Interestingly, he says his mind was made up at the beginning rather than at the end of 2021.
‘As I said, I’ve been involved with the Rebel Óg U16 (boys) hurling setup for the past two years. U15 last year, U16 this year and hoping to go further with them. If that was to be the case then this was going to be my last year with the Cork senior camogie team. So, look, my mind was made up fairly early.
‘I think we have left things in a very healthy state. It is a very young team, extremely young, if you judge it against the top two, Galway and Kilkenny. Cork is, on average, five years younger per player.
‘I think there is a great culture within that setup now. I know for a fact that the players are looking to go back training straight away. Obviously, it is very important that whatever person comes in builds on that and what we have done. That is key from that side of things.’
Murray and his backroom team came within a whisker of winning the 2021 All-Ireland camogie final only to come up short to a more experienced Galway in the decider.
‘The All-Ireland final loss has been difficult, there is no question about it and our management team is very hurt over it.
‘We were very close. Had we pulled it off I think it would have been, probably, our greatest victory. I don’t think people from outside understand the difference in age between our Cork team versus Galway that day. The difference that makes on the pitch, physically, is that we were second best. Look, there is an age difference there and that is going to happen.
‘When we look back, our conversion rate was under 50%, there’s was over 70% and there lies the problem. We created opportunities and just didn’t execute. That’s hard to take.’
There is little doubt that Paudie Murray will be sorely missed within the Cork camogie community. The four-time All-Ireland winner helped raise the profile of the sport on a national level during his managerial tenure which began back in 2012.

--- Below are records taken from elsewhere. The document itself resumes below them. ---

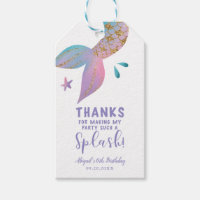 Mermaid Splash Birthday Party Thank You Favor Gift Tags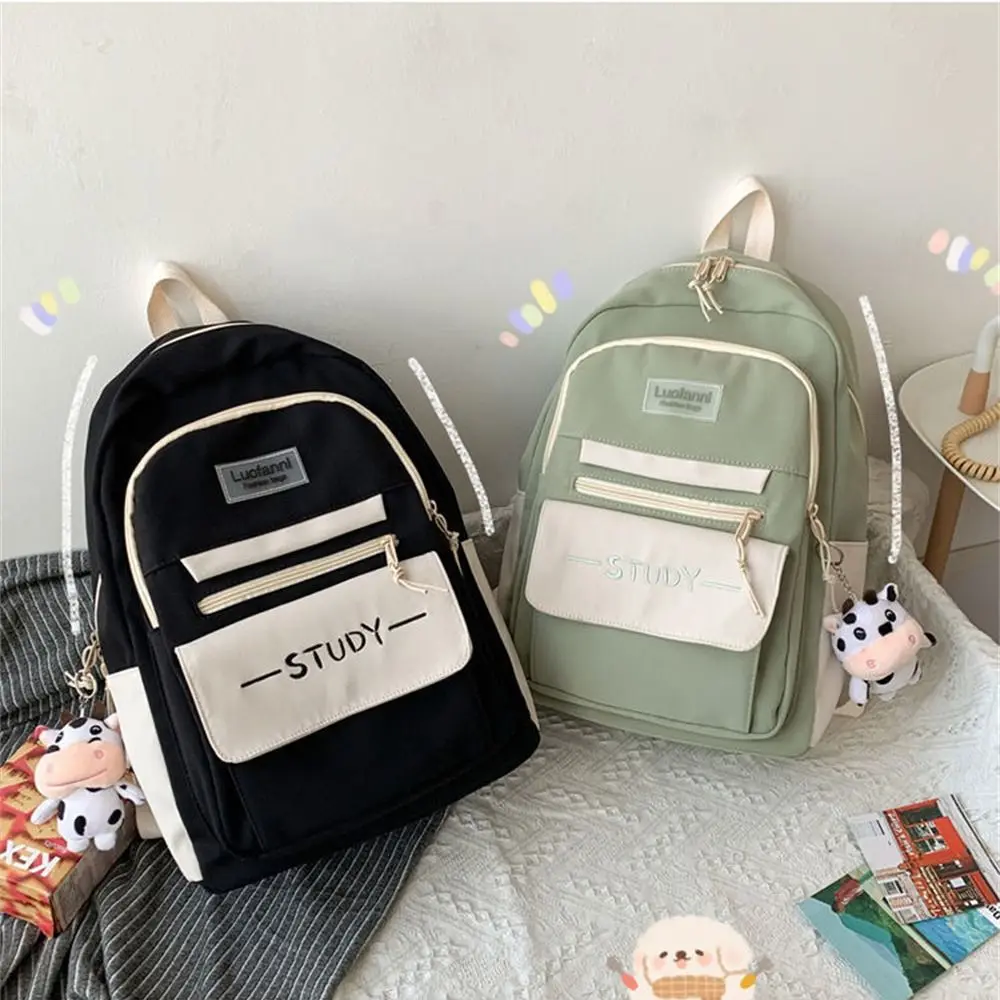 Fashion Nylon Large Capacity Backpack Teenage Pure Colour Schoolbag Women Men Waterproof Travel Rucksack Bags Student School Bag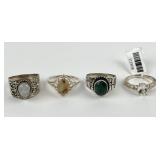 (4) 925 Sterling Silver Rings featuring Gemstones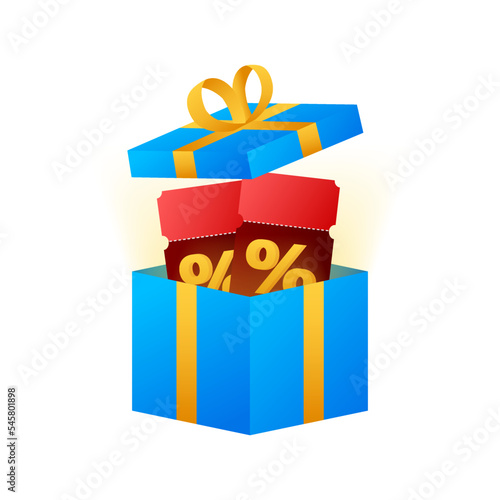 Loyalty program in flat style. Discount coupon. Coupon reward. Discount, loyalty program, promotion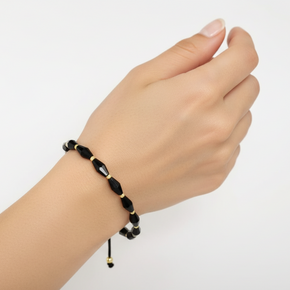 Black Beaded Bracelet with 14K Gold Details (585)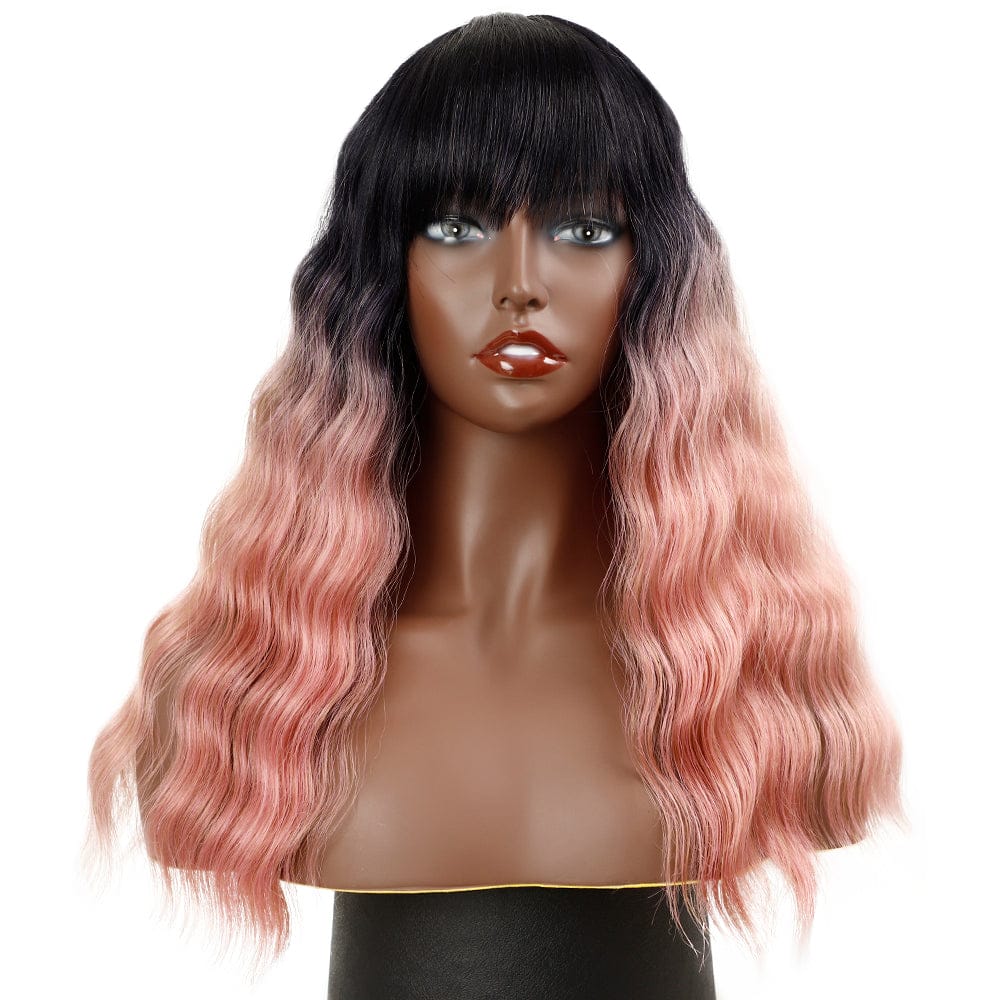 cheap blond water wave wig sleek wholesale hot selling heat resistant made machine wig water wave synthetic hair wig for women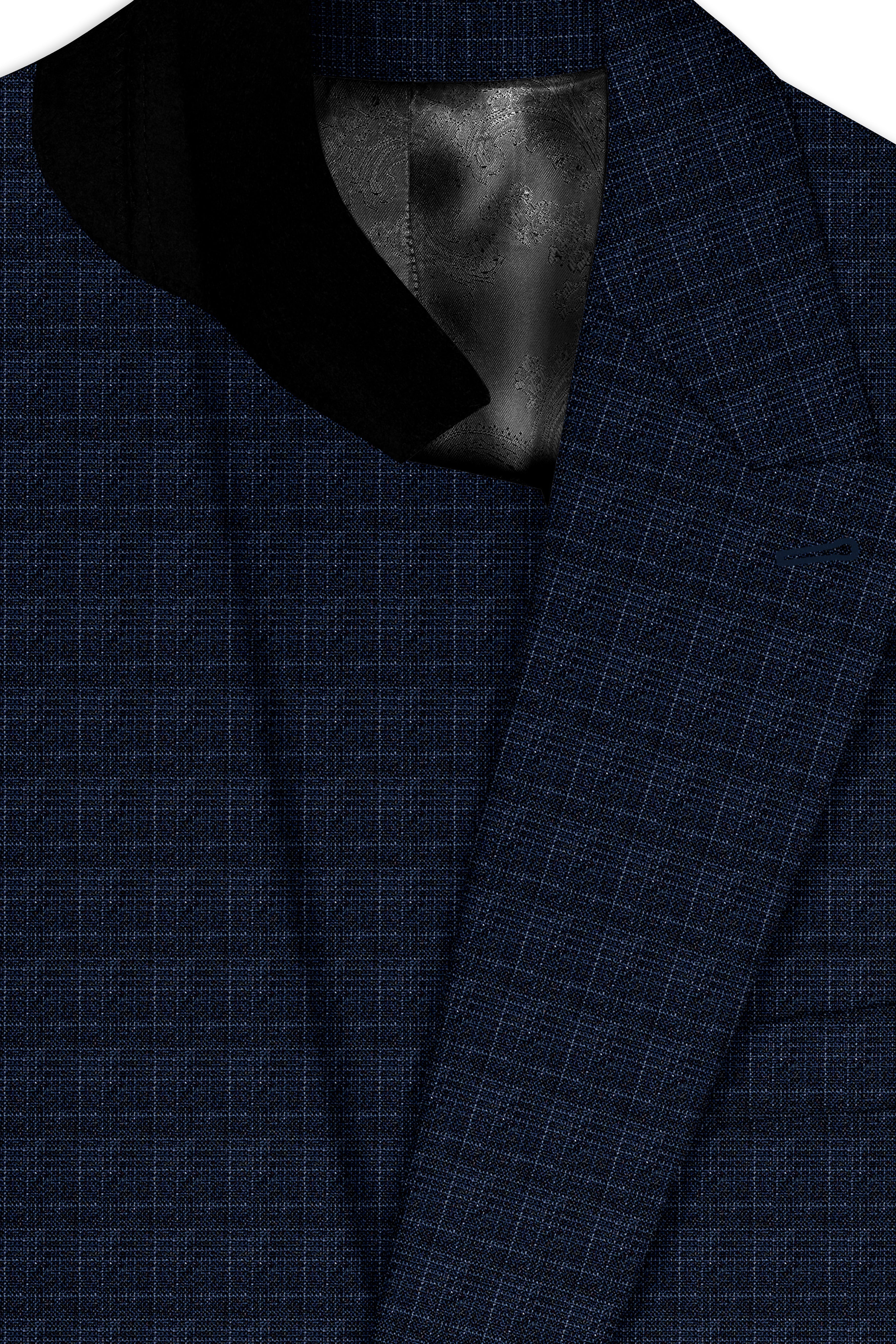 Ebony Clay Gray and Metallic Blue Plaid Double-Breasted Blazer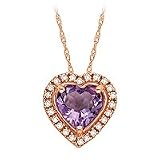 10kt. Rose Gold, Amethyst Heart Pendant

Murray is leaving Cork camogie in a better state than he found it. So, what is his opinion of an evolving sport, both on and off the pitch, in 2021?
‘The huge number of people that have stopped me in the street or texted me following this year’s All-Ireland final would indicate the game has changed dramatically and for the better,’ Murray said.
‘Camogie has now become a really exciting game and probably a better watch than a lot of the hurling games. It can improve even more.
‘The Camogie Association needs a major shakeup. Probably a better calibre of people needs to get in there. I have said it a number of times, I think camogie needs to come under the GAA’s umbrella. The sooner that happens, the better the game will grow. Until that happens, I think that things (change) will be slow.’